В этом случае техника может сделать терапевтическое взаимодействие механистическим и разрушить спонтанность, которую мы стремимся развивать у своих пациентов.
Несколько лет назад один из нас (Лачман) проводил семинар, на котором учебной группе демонстрировались сеансы проводимого им анализа. Пациентка рассказывала о сновидении, в котором ей снилось, как она играла в теннис. После нескольких замечаний, касавшихся ее партнеров по теннису и противников, пациентка замолчала. Аналитик выждал некоторое время и сказал: «Ваша подача». После этого пациентка начала говорить о том, как ей трудно брать на себя инициативу. Студенты признали, что интервенция была очень искусной. Одна из студенток проводила анализ под наблюдением обучающего аналитика. Однажды, когда ее пациент во время сеанса замолчал, она сказала ему: «Ваша подача». Хотя интервенция студентки была не совсем уместна, потому что на протяжении всего сеанса не было никакого упоминания о теннисе, она сработала. Ее пациент действительно начал говорить. Однако идея Лачмана состояла в том, чтобы проиллюстрировать использование в терапевтической работе образов и метафор, совместно создаваемых пациентом и аналитиком. Материал был представлен не для того, чтобы научить технике, позволяющей терапевтам преодолевать молчание. Хотя неверное понимание студентки не нанесло вреда ей или пациенту, ее слова не способствовали развитию креативности техники.

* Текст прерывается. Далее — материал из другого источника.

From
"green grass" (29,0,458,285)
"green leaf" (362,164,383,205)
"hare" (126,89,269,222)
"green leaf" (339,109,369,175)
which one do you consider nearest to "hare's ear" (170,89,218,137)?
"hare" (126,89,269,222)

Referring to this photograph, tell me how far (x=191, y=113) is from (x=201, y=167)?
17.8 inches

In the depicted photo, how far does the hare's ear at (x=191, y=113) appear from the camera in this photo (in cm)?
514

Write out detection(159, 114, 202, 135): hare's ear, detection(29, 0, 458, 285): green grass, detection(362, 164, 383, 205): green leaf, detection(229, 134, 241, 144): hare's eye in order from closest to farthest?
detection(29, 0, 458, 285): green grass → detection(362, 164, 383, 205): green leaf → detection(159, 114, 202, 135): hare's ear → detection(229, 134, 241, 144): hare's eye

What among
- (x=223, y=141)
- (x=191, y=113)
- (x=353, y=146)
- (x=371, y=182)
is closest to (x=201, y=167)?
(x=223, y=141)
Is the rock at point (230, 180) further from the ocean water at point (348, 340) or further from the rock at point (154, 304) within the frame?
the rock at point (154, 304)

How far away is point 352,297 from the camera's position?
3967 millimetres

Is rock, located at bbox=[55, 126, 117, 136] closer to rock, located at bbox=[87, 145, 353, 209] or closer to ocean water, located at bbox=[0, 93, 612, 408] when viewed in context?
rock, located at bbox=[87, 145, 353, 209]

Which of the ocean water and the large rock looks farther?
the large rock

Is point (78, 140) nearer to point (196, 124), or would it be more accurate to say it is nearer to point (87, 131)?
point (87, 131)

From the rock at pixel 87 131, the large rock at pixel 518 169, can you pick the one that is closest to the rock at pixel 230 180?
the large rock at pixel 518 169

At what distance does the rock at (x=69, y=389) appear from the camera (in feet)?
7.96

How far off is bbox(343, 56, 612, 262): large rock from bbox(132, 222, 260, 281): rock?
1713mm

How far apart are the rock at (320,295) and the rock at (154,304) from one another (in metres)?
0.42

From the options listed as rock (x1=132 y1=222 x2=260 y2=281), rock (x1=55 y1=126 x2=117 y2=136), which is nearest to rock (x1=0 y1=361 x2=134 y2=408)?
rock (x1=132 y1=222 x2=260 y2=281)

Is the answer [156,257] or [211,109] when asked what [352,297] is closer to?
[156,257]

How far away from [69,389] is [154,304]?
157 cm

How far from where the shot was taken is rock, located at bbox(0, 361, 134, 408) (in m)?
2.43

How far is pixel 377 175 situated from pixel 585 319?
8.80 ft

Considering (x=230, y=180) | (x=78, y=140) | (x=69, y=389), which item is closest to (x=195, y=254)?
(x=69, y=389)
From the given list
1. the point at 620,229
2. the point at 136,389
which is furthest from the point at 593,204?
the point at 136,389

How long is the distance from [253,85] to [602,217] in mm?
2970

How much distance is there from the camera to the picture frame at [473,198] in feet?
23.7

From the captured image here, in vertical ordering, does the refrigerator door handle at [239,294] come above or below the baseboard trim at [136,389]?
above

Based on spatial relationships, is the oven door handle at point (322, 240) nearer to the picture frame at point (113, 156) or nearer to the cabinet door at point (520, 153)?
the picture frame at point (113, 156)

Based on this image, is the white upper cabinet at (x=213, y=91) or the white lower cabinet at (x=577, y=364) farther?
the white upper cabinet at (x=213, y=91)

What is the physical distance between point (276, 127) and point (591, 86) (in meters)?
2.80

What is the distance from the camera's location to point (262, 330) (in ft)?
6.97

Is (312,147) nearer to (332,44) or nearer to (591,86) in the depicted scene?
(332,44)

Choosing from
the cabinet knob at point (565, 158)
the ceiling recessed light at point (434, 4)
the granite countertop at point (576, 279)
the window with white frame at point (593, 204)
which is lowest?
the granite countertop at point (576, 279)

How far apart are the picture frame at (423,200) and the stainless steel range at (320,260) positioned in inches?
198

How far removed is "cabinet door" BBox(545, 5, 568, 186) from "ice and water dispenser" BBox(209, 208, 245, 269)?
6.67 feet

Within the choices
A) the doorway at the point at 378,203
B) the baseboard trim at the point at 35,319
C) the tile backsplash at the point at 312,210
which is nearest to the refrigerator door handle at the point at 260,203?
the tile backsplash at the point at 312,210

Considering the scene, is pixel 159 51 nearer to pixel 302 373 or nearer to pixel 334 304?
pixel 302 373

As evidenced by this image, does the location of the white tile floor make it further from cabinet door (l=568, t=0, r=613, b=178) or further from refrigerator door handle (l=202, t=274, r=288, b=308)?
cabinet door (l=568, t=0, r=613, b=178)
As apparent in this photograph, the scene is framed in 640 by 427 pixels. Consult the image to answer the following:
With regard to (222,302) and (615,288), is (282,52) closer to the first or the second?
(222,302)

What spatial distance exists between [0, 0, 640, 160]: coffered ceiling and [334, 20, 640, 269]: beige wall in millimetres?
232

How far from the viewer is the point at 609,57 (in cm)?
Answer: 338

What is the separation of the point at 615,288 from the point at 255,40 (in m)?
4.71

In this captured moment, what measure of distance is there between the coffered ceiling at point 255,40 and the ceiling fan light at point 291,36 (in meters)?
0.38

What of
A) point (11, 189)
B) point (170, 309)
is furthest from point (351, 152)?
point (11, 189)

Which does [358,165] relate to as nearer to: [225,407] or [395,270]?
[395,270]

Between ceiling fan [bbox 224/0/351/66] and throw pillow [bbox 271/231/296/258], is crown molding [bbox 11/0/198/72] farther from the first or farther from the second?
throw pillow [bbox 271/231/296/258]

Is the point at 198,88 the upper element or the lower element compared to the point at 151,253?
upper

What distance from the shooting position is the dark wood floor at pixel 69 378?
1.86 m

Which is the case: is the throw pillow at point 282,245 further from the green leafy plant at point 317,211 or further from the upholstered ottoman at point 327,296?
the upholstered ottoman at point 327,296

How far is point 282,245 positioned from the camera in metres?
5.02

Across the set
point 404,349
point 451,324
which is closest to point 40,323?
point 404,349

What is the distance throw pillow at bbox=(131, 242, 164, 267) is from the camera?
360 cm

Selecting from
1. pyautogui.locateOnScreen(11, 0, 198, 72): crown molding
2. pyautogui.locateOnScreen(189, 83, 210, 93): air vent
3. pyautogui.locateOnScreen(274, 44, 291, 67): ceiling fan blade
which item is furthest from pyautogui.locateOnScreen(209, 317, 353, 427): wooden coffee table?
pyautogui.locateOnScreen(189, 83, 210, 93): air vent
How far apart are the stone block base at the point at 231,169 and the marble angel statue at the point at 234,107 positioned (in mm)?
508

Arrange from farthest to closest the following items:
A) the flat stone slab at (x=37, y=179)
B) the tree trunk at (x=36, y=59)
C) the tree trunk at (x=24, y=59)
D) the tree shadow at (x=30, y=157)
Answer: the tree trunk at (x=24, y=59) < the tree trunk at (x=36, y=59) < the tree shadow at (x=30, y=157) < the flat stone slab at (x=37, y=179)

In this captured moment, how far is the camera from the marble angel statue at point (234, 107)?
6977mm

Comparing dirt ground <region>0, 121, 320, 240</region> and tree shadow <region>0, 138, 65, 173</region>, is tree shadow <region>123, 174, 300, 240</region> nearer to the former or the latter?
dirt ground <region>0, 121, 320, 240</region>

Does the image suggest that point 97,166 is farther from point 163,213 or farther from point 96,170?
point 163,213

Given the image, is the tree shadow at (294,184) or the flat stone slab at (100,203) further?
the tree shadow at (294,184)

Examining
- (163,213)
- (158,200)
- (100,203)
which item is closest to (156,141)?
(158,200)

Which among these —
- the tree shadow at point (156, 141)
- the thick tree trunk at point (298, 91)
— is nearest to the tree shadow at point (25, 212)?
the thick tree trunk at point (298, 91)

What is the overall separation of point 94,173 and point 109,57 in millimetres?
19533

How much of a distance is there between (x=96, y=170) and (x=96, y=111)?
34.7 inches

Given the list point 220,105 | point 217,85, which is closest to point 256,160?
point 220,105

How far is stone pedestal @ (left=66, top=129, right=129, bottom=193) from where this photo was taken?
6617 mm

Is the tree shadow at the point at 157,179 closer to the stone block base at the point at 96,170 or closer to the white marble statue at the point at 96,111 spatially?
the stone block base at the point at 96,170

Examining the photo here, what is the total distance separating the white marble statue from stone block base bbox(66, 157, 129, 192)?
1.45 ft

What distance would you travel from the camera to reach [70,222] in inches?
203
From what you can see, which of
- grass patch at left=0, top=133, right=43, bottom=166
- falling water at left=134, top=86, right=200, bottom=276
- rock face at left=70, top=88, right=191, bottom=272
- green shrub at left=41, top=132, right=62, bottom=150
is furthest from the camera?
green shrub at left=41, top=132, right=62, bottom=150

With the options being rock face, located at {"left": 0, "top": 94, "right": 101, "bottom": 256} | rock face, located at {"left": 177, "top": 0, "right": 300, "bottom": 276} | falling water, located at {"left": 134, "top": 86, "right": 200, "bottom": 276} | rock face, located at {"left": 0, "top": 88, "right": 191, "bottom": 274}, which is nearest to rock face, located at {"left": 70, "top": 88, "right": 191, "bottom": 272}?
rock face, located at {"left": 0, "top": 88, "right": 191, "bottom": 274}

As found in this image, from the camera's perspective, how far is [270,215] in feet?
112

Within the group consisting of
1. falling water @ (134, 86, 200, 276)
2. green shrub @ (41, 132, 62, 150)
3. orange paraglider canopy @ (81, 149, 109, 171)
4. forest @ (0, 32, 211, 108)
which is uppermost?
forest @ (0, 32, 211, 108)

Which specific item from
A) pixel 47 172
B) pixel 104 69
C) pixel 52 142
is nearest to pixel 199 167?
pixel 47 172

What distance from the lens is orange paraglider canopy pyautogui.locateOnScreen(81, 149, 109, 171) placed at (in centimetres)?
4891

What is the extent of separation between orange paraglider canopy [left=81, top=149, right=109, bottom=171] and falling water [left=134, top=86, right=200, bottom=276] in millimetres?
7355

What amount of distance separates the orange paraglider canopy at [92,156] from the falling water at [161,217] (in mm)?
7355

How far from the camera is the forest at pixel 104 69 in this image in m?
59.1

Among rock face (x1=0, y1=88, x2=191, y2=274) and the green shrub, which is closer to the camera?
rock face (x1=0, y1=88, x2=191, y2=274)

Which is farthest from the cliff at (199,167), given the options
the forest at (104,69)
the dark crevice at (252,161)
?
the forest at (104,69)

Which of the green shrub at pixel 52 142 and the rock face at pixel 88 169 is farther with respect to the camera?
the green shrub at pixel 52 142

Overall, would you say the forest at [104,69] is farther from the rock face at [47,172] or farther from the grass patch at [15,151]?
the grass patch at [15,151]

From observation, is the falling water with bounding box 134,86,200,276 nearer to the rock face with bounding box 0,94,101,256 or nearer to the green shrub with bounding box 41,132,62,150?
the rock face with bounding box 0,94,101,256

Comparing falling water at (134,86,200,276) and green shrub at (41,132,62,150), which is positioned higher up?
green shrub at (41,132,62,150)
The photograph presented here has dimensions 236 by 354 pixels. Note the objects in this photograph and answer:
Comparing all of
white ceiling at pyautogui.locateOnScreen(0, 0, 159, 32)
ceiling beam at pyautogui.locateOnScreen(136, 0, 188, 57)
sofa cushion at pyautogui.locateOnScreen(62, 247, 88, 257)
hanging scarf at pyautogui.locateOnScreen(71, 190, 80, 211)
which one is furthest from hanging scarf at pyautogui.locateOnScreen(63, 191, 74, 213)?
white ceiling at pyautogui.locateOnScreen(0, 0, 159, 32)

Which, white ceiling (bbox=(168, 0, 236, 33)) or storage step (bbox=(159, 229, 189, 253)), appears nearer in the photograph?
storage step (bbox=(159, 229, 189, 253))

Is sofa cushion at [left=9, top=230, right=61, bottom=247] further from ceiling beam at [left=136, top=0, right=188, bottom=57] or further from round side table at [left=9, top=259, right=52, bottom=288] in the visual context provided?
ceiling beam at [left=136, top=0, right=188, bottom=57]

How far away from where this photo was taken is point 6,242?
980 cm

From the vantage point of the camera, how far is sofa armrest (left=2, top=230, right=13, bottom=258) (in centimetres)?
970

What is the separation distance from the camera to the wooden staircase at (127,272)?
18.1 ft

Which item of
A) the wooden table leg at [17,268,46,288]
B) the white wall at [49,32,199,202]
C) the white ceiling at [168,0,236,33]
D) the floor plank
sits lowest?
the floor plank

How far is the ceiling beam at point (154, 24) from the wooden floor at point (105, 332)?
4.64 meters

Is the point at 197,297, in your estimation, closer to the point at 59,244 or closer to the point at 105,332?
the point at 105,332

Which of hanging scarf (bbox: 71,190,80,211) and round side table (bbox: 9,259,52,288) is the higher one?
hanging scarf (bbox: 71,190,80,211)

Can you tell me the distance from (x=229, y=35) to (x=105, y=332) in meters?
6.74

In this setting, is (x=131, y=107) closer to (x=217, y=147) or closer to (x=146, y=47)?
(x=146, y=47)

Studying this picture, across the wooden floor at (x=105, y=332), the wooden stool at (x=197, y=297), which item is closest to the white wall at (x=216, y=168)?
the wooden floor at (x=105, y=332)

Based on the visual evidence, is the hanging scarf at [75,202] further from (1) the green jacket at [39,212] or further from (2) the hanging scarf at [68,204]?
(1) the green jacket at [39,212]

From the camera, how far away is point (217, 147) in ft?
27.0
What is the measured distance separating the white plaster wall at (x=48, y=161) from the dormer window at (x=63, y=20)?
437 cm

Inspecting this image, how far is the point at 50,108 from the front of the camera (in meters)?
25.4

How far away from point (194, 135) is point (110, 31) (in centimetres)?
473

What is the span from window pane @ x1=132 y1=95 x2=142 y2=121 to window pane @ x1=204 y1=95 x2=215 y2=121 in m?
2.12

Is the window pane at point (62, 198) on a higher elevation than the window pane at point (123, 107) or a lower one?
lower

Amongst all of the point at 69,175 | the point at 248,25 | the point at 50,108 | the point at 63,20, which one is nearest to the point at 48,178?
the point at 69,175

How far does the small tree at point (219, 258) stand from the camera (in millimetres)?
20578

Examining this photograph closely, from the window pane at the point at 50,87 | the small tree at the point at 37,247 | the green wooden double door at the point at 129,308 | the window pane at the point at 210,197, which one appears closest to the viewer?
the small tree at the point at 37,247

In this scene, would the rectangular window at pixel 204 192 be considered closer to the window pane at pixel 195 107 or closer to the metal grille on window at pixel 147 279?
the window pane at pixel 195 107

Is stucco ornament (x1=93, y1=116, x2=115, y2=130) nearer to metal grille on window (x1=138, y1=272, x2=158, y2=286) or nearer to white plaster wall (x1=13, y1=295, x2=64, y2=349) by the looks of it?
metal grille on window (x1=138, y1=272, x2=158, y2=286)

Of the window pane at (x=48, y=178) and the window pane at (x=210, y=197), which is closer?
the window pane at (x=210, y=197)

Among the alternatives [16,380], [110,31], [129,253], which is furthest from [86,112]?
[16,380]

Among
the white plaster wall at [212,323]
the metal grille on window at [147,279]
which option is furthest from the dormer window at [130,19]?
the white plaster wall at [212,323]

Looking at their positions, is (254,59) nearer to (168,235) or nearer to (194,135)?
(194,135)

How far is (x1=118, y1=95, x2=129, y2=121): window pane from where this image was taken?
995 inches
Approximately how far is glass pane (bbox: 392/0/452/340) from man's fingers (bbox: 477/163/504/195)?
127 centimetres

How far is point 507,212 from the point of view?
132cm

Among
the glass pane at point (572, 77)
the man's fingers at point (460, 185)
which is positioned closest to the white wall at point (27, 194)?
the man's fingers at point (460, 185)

Вырванная из специфического контекста, «импровизация» может стать «ритуализированным сценарием».
Терапевтическому взаимодействию способствует взаимно создаваемая креативная коммуникация, в которой аналитик «получает» более четкое понимание переживаний пациента и передает это понимание пациенту особым образом, позволяющим пациенту почувствовать, что он «услышан» или «понят». В идеальном случае аналитик и пациент создают отношения, которые не могут возникнуть между данным аналитиком и любым другим пациентом. Независимо от того, насколько знакомым может показаться аналитику взаимодействие, насколько оно может восприниматься как «взятое прямо из учебника», только уникальность совместно пережитого аналитиком и пациентом опыта может создавать эмоционально насыщенные ситуации (Pine, 1981; Beebe, Lachmann, 1994), которые становятся доступными изменению.
Гораздо проще описать аналитическую технику, чем обучить аналитической креативности, спонтанности или интуиции. Постоянно помня об этом, мы перечислим и проиллюстрируем «принципы» психотерапии и психоанализа. Для иллюстрации этих принципов мы будем использовать клинический материал из анализа Нэнси.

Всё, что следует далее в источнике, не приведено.